Top Ten Slasher Movies

It’s the month of October here at Grimdark Magazine and time to discuss all things scary. This article will deal with one of my favorite subjects: slasher films!

Slasher films are the burger and fries of horror films. There are some that reach the height of cinematic classics and the vast majority that just provide a cheap thrill for your movie ticket (back when movie theaters still existed). For the purposes of this list, slasher movies are defined as survival stories about a group of people being stalked by a relentless unstoppable killer in a confined environment. They can be science fiction, horror, comedy, or even fantastical if they have these elements.

Technically, this would mean Agatha Christie’s And Then There Were None was the first slasher movie, but I find that an amusing quality rather than a disqualifying one. The heyday of slasher movie was the late Seventies to late Nineties, however. This twenty-year period is when the most iconic slashers in film were created and were still able to be treated with a modicum of terrifying respect.

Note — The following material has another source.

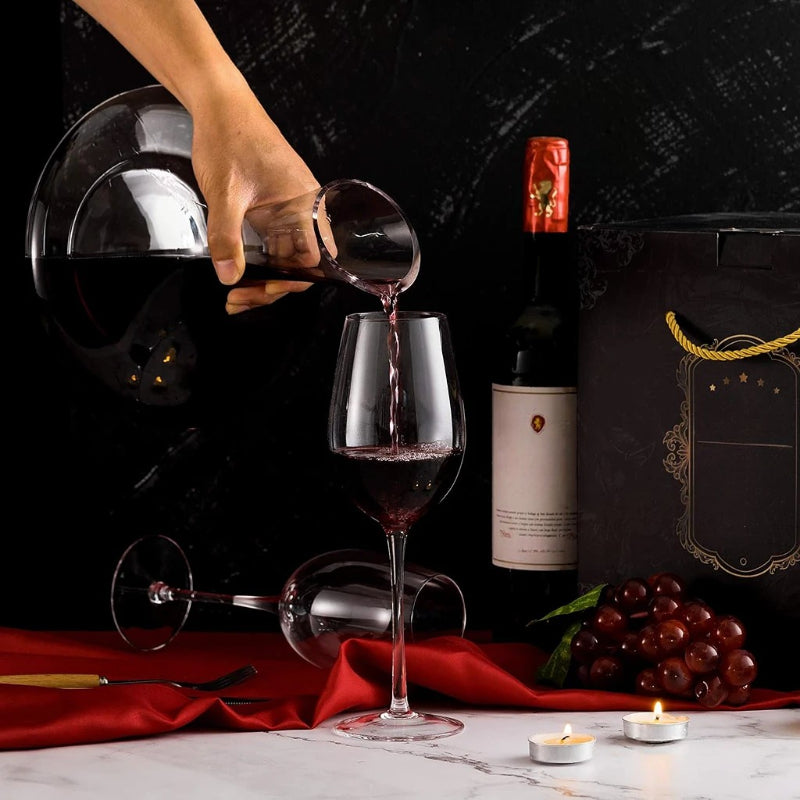 Slanted Spout Design Crystal Glass Wine Decanter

10. Tucker and Dale versus Evil

I had a lot of choices that could have gone in here and a few of the ones I chose this over should probably be on this list over it (Child’s Play, The Hills Have Eyes, Candyman, and Return of the Living Dead). However, this movie is just hilarious and sends up just as many slasher tropes as Scream. Two lovable hillbillies are going to a cabin in the middle of the woods to have a weekend of fun. Unfortunately, they get mistaken for a pair of serial killers by a group of college kids who assume they’re in a horror movie. Hilarity ensues as does an impressive body count due to these college kids being the dumbest teens in the history of these movies.

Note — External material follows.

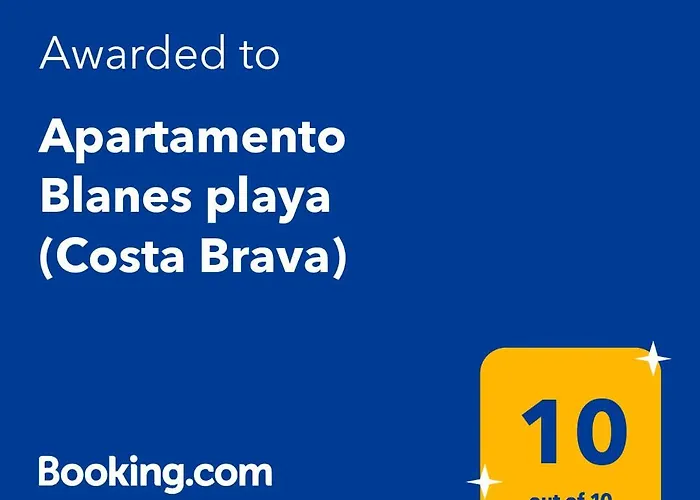 Apartamento con terraza Blanes playa, Costa Brava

9. Behind the Mask: The Rise of Leslie Vernon

A dark horse candidate for this list, Behind the Mask is an incredibly fun movie about a documentary team that decides to investigate a real-life slasher named Leslie Vernon. In this universe, all slashers are real but seem to be more special effects men than supernatural serial killers. Leslie, himself, seems like Xander from Buffy more than Jason Voorhees. He’s so disarming that the documentary crew becomes immersed in his dorky quest to become a slasher. It’s only as things reach their fruition that they realize he’s not kidding. This movie is an amazing homage to slasher movies and anyone who loves the genre will love it. Robert Englund guest stars as a serial-killer hunting psychologist in the style of Doctor Loomis.

8. The Evil Dead 2

Bruce Campbell is as iconic as Freddy Krueger and Jason Voorhees in his own way. Note: I said Bruce Campbell versus Ashley “Ash” Williams. The Evil Dead movies are a major part of this. While Army of Darkness is probably the best of the three films, so many tropes come from the first two movies that it’d be a mistake note to include it. The Evil Dead 2 is effectively a remake of the first film for the first thirty minutes or so and all the better for it. It is a delightful mix of horror, comedy, and sheer insanity that everyone should see.

7. Scream and Scream 2

This one is cheating but I recommend these two films be watched as a double feature. Wes Craven had already defined much of what we loved about the slasher genre. Here, he creates one of the first metatextual analyses of what makes slasher movies good. Buffy the Vampire Slayer and Scream really helped define the post-irony world of slashers for better and worse. It also helped influence other genre like Marvel Comics Cinematic Universe in being both a movie about its genre as well as in its genre. Nev Campbell is amazing and so is Courtney Cox in their role as Final Girl as well as woman who probably should die yet inexplicably doesn’t.

6. Alien

Alien is possibly cheating but is also one of the best slasher movies ever made. Part of this is due to its immensely talented cast who would almost all go on to bigger and better things (and Alien is no small thing itself!). Sigourney Weaver’s Ripley is iconic as one of the greatest science fiction and action heroines of all time. However, what makes Alien great is it makes use of its unique setting and strong character development to keep the tension constant. It is not just a great horror movie, it is a great movie period. The xenomorph is the stuff of nightmares and gives a perfect rationale for its relentlessly evil behavior: it is a territorial animal hunting its prey.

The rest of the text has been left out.